Все сохранившиеся источники, повествующие о московском пожаре и бунте 1547 года, единодушны в том, что эти события потрясли Ивана – «страх вошел ему в душу и трепет в кости». На его глазах море огня затопило и пожрало большую часть Москвы; перед ним бушевал народ, над которым по воле Божьей он был призван царствовать, и этот народ произвел дикую расправу над его дядей; своими ушами он слышал крики разъяренной черни, требовавшей от него – своего владыки! – выдачи ближайших родственников… Было над чем мучительно задуматься!.. Не кара ли это небесная за его тяжкие грехи? Иван словно очнулся, в нем заговорила совесть… Он духовно преобразился: «и от того царь великий и великий князь прииде в умиление и нача многие благие дела строити».

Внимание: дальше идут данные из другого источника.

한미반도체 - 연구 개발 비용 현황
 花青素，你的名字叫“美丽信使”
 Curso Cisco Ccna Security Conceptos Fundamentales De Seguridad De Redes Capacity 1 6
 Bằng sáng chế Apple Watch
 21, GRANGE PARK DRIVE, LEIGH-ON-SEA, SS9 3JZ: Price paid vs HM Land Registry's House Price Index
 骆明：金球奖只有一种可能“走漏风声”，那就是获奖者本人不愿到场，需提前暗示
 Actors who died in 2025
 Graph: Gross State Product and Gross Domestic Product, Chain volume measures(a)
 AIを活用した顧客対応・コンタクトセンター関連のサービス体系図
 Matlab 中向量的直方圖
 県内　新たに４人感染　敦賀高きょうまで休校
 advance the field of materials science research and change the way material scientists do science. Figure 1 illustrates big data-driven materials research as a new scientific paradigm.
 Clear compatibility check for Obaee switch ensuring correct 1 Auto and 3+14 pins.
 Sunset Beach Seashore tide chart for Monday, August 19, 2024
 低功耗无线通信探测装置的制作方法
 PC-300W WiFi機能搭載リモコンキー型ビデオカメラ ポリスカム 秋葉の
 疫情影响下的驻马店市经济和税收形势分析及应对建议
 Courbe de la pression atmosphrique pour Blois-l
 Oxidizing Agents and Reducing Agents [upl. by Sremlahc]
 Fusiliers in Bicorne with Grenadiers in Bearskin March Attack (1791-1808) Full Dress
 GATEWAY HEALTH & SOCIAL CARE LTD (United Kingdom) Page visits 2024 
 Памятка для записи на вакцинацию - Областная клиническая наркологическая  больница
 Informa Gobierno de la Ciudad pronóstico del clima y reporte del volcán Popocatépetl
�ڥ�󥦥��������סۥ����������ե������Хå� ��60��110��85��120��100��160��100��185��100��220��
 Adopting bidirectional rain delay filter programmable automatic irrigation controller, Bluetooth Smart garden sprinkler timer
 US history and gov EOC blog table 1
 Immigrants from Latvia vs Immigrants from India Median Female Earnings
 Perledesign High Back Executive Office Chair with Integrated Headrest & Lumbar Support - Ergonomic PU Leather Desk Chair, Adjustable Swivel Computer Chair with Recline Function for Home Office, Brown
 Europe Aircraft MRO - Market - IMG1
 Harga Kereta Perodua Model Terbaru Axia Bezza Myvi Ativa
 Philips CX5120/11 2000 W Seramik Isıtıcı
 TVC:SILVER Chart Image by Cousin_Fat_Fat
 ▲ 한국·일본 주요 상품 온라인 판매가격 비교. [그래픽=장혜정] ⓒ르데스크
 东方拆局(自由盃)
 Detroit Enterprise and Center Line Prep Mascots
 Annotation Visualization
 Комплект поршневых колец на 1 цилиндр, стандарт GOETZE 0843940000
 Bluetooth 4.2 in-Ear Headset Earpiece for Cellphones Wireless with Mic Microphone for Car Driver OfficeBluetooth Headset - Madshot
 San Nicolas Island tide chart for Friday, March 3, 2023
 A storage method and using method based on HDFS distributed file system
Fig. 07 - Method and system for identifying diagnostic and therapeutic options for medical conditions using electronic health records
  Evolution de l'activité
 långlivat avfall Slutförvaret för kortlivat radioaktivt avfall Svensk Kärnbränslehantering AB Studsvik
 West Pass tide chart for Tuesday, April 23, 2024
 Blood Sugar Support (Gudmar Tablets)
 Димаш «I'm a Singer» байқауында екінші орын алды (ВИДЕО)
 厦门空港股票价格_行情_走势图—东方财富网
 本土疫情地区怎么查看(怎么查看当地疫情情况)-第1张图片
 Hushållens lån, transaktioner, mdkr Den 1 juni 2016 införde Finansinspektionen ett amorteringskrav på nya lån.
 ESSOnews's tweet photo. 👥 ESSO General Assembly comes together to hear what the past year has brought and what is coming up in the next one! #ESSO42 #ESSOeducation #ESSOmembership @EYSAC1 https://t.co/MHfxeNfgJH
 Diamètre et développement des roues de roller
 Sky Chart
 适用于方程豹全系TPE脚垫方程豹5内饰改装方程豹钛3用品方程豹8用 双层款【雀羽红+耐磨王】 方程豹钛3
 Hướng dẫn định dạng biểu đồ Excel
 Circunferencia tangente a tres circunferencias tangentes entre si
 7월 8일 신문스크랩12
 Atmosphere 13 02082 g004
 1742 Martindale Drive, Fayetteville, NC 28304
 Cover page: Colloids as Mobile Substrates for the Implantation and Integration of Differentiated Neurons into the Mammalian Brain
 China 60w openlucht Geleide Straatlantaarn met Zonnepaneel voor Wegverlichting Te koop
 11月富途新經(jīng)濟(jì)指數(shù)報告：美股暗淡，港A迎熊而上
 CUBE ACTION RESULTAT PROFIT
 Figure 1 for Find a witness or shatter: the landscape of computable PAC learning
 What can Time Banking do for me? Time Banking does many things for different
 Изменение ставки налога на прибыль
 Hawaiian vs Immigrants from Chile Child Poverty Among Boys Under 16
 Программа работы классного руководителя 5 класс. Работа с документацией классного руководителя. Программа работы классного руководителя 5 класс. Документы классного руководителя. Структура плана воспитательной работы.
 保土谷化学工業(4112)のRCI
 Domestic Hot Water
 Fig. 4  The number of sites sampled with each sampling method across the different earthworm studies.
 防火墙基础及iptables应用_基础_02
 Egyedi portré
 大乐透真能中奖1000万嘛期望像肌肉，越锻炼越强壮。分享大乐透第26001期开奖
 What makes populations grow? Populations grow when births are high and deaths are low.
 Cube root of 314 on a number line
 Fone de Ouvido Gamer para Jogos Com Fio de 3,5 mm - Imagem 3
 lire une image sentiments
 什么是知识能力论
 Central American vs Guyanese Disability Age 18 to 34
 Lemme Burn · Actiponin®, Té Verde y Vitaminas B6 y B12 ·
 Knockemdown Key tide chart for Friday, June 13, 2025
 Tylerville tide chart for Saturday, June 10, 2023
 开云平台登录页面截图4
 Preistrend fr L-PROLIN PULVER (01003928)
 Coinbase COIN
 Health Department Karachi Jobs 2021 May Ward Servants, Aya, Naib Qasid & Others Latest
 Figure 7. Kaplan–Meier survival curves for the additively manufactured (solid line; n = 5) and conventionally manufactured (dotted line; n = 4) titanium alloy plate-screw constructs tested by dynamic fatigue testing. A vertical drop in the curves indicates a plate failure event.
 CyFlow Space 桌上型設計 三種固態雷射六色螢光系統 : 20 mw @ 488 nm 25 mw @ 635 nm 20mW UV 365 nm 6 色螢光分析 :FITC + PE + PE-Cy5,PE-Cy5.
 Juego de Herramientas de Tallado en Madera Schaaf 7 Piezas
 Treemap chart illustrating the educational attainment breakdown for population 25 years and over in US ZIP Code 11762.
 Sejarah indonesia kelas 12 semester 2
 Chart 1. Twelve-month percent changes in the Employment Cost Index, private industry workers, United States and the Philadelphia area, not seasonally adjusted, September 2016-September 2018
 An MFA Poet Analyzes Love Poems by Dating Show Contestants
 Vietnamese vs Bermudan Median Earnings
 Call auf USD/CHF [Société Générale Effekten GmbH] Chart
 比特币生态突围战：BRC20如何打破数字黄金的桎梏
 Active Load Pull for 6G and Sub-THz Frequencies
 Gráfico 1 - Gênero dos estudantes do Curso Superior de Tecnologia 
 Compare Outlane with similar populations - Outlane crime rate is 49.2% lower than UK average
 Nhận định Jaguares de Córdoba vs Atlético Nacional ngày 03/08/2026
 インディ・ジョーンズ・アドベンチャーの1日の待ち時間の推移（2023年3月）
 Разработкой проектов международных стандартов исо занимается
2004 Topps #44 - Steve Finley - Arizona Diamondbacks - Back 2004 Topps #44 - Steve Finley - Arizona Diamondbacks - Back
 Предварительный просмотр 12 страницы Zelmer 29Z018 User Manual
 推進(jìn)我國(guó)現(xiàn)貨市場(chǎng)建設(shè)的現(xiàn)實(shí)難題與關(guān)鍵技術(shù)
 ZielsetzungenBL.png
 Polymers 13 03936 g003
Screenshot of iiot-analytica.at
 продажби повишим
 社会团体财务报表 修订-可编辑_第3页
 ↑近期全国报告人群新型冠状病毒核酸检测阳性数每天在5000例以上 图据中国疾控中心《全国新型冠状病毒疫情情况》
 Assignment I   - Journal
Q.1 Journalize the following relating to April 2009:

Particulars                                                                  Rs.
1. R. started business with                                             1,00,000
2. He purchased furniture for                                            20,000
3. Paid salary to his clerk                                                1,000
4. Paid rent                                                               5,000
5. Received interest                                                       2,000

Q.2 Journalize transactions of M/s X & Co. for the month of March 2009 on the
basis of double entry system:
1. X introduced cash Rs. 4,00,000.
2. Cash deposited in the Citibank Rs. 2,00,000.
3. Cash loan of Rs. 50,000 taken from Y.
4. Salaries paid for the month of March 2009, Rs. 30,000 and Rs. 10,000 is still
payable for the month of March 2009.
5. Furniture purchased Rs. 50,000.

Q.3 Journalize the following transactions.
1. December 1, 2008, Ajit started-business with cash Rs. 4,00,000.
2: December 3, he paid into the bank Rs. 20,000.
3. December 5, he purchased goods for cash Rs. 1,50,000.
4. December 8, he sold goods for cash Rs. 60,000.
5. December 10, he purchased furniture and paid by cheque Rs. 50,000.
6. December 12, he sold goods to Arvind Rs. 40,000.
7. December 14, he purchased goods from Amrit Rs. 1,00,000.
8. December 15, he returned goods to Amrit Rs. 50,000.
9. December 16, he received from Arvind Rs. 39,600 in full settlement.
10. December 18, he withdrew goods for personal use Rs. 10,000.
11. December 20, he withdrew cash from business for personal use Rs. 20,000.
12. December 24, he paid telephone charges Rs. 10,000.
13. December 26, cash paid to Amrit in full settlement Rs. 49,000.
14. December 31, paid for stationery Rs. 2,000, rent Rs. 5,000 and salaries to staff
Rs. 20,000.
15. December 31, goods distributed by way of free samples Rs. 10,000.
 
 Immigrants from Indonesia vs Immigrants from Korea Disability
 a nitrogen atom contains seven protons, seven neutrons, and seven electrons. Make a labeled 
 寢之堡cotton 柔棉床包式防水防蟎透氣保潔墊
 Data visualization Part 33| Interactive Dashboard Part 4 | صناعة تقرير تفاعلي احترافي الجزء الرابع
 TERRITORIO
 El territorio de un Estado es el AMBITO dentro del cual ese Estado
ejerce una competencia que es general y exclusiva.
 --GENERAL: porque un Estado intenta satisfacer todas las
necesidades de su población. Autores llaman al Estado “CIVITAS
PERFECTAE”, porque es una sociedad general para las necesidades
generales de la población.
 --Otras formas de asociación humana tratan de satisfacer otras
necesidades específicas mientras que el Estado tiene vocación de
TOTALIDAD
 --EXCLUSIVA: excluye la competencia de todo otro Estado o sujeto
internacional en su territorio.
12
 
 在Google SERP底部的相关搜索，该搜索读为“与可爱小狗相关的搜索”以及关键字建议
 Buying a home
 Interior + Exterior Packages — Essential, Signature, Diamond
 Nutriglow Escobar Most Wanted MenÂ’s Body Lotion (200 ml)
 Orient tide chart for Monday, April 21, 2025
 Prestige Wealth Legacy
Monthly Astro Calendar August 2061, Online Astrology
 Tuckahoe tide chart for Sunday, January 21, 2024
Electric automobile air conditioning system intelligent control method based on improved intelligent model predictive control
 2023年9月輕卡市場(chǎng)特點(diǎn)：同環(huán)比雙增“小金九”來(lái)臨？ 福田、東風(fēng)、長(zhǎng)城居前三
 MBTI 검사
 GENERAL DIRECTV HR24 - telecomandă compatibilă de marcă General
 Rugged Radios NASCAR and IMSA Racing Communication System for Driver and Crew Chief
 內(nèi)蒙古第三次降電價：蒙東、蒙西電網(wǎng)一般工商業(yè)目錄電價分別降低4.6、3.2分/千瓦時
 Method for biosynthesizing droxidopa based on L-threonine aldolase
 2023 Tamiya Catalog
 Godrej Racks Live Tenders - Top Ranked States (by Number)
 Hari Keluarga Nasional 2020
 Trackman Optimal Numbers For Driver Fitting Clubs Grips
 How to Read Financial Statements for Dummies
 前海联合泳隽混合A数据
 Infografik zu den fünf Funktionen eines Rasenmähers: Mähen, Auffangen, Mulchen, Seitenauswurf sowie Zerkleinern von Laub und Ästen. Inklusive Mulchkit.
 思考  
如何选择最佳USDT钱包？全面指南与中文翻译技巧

Это преображение обыкновенно приписывается благотворному влиянию на царя двоих людей – священника Сильвестра и Алексея Федоровича Адашева. По словам Курбского, в их лице Бог подал руку помощи земле христианской.
Как же совершилась в душе Ивана эта перемена к лучшему, к чему она привела и какую роль в ней сыграли Сильвестр и Адашев? Официальная версия, разделяемая подавляющим большинством историков, целиком содержится в многолетней письменной перепалке между Грозным и Курбским (других свидетельств просто не имеется). Послушаем обе стороны.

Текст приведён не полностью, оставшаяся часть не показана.